Mahurin was so pleased with UM’s decision that she drove to Missoula during a recent snowstorm to meet Fanguy and talk shop.
“It’s nice to have people to bounce ideas off of and who are in the same business,” she said. “I’m sure we will have an invention co-owned by MSU and UM and will have a lot of collaborative work.”
For certain, UM could take a lesson from MSU.
The Bozeman university was cited by Business Week magazine as one of the nation’s Top 10 small research universities.
Such accolades are not surprising when Mahurin talks about the school’s research achievements, which have resulted in 110 patents, 11 patented agriculture-based inventions, eight trademarks, 115 patents pending and 182 licenses, of which 103 have become Montana companies.
One of those companies, LigoCyte Pharmaceuticals Inc., which develops vaccines, spun out of MSU research and is now a Bozeman-based company that employs more than 50 people who have an average annual salary that exceeds $50,000 a year.
“Those are the kinds of jobs we want to build for the graduates of all our universities,” Mahurin said. “More than half of the employees at LigoCyte are MSU grads.
“We love that, and those kinds of companies provide internships for our undergraduates, and they attract other researchers to this state.”
As funding battles continue to be fought between the Montana University System and state legislators, one thing needs to be considered.
It is in every state’s best interest to support university efforts to grow technology transfer, said Joe Fondacaro, founder of the Center for Technology Commercialization at Cincinnati Children’s Hospital Medical Center, and former vice president of the Association of University Technology Managers.

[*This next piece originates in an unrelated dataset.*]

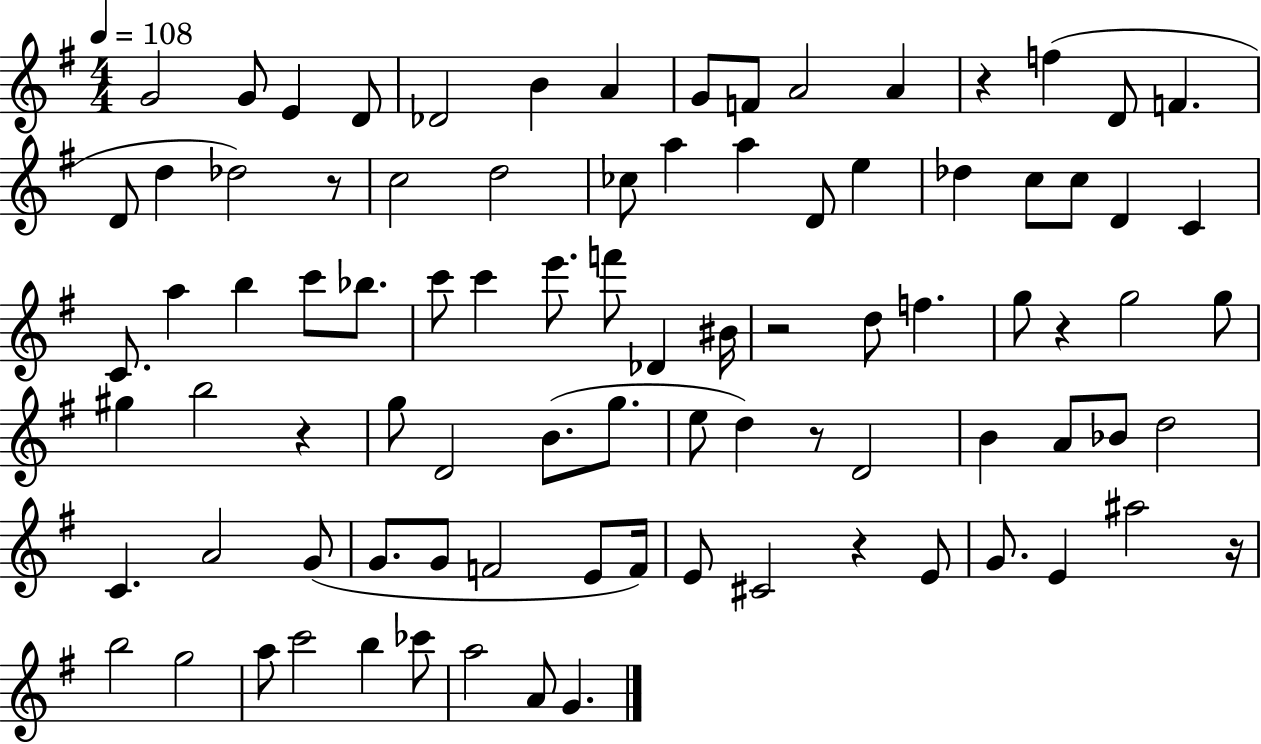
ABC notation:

“Technology transfer is a wonderful source of regional economic development,” Fondacaro said. “Here in Cincinnati, we have two major research centers, a children’s hospital and the University of Cincinnati, and between the two of them, we started 12 to 15 companies in the past three or four years.
“These companies have created more employment opportunities for this area – and this does something else: It keeps Cincinnati money in Cincinnati.”
Such success breeds more success, Fondacaro said.
“The big question everyone asks is how long does it take for taxpayers to realize the benefit of their investment? When you have research that may lead to new pharmaceutical processes, that’s a long process, on average of 12 years to develop a new drug,” he said. “When you are talking medical devices or diagnostic equipment, that’s more like five years and as little as 18 months.”
No matter the time commitment, he said, we all benefit. By way of example, Fondacaro cited a recent Boston University survey showing that 51 percent of drug applications currently under FDA review were discovered at university research centers.
As is the challenge in other parts of the country, at other universities, for UM to be successful it needs the highest level of support from its top administrators, Fondacaro said.
“This is one of the hardest steps in all of this,” he said. “What you are trying to do is mix a business enterprise inside the academic culture, and traditionally those don’t mix well.”
Rosenberg and Poulsen have great faith Fanguy is up to the challenge.
He’s got the credentials, the background and the energy to carry the new mission forward. And in the halls of research, faculty are cheering about this new chapter in UM’s history.
“It’s a very positive thing,” Rosenberg said. “It’s a statement of faith that the faculty will be developing things that are of commercial interest to the community.”
For Poulsen, this new direction couldn’t have come at a better time.
“A lot of the projects that we have been evolving over the past decade are reaching the point where they are ripe for commercial development,” Poulsen said.
“We are now at a critical point, where we can really capitalize on this technology and move it into the public domain where people can actually benefit.”